Like the mystics of old, these "victorious Christian life" proponents lowered the expectations of the Law. No longer did God require absolute perfection, but "absolute surrender." It was not external works of obedience that God required, but "complete consecration" and "yieldedness." With the advent and rapid growth of Dispensationalism, leaders such as Dallas Seminary founder Lewis Sperry Chafer declared, "The grace teachings are not laws; they are suggestions. They are not demands; they are beseechings" (emphasis in original). God's Law is replaced with "suggestions," short-circuiting the conviction of sin, while God's Gospel is basically merged together with this single category of "suggestions" and "beseechings." It is neither Law nor Gospel, but a confusion of both. In the place of God's moral Law, Chafer substituted "three laws or principles, which characterize the teachings of grace concerning the manner of the daily life of the believer." These "laws" are "the law of perfect liberty," "the law of expediency" and "the law of love." Their perfections are achieved not by rigorous human achievement, but by "full surrender" to the Christ who is at work within the believer. (1) "The code of rules contained in the law has been superseded by the injunctions and beseechings of grace." (2)

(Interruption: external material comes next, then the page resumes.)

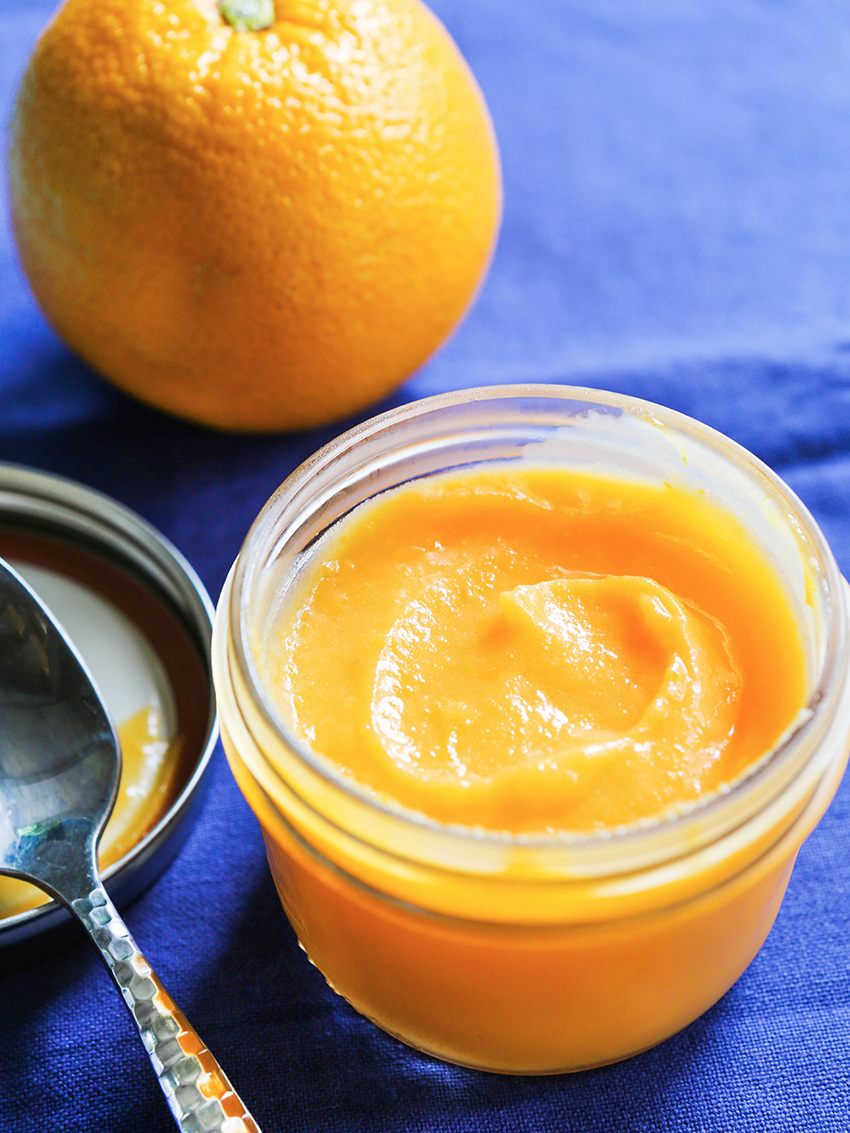 spoon sitting next to a jar of orange curd on a blue tablecloth with a whole orange next to it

The Law removed and substituted with the ostensibly less rigorous "grace-laws" of love and surrender, the believer is actually encouraged to believe that he or she can attain the "victorious, Spirit-filled life" by being sufficiently "yielded" to the Holy Spirit. Consequently, the Gospel is not pure grace, free and undeserved. The good news is, "By following the principles or laws of grace, you can attain victory." The Law is less difficult and the Gospel is less the announcement of what God has done and given objectively, outside of the believer's experience and activity, because of Christ.

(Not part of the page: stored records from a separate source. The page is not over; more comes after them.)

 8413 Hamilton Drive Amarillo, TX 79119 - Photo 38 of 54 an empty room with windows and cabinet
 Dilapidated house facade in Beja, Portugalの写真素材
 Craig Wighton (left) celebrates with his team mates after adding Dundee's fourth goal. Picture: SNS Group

While Warfield exploded Chafer's teaching concerning the Christian life in a Princeton Theological Review piece reviewing the Bible teacher's He That Is Spiritual, these views gained prominence in countless Bible and prophecy conferences throughout this century. One contemporary proponent of these views is Bill Bright.

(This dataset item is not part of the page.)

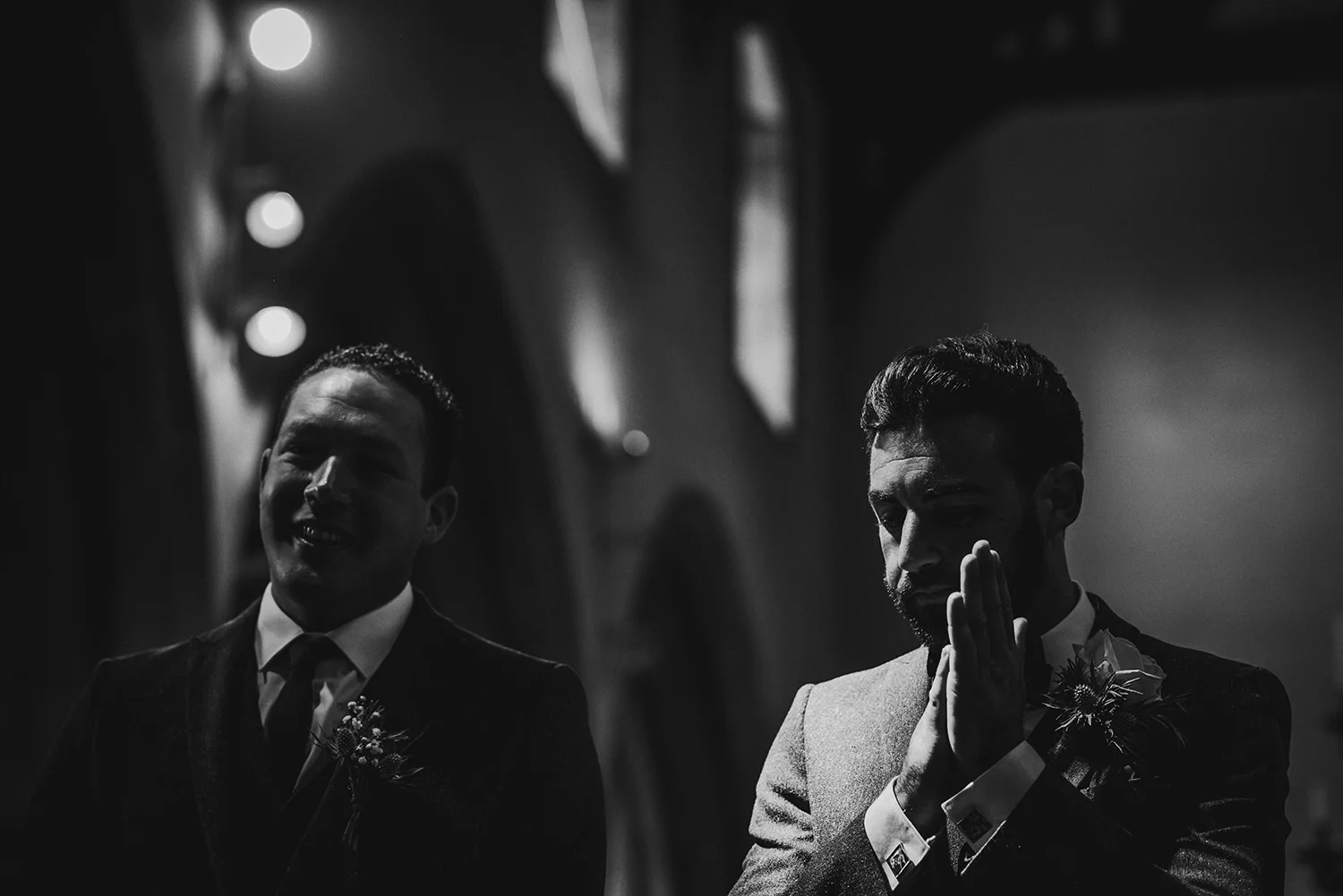 bw photo. Groom rubs hands nervously in strong light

Bill Bright and the Medieval Monk
As Wesley, Finney and the Pentecostalism that bore their imprint had emphasized a "second blessing" or "second work of grace" in which second-class Christians at last attained the filling of the Spirit, Mr. Bright calls believers from the "carnal Christian" class into the "higher life." Closely following the outline of Chafer's He That Is Spiritual, Bright distinguishes between three types of people: the "natural man," who is an unbeliever; the "spiritual man," who is a "victorious, surrendered, Spirit-filled" believer, and the "carnal man," who, although a believer, "never allows the Holy Spirit to mold him into the person that God created him to be." Further, "Most Christians, whether or not they realize it, are in this carnal category." In fact, Paul's description of the Christian in Romans 7 is a description of such a "carnal Christian," according to Bright. Like the monks Luther knew (and at one time was himself), "victorious Christians" are God's elite band. Bright tells the following story: "Another friend, one of the most dedicated men I have ever known, lived by a little black book." Lest the reader jump to conclusions, this "little black book" was not the Bible:
In this book he kept a careful record of all of his activities–past, present, and future. In it he recorded the time he was to get up every morning, how long he should have his devotions, and to how many people he should witness. I was very impressed; I wanted to be like him.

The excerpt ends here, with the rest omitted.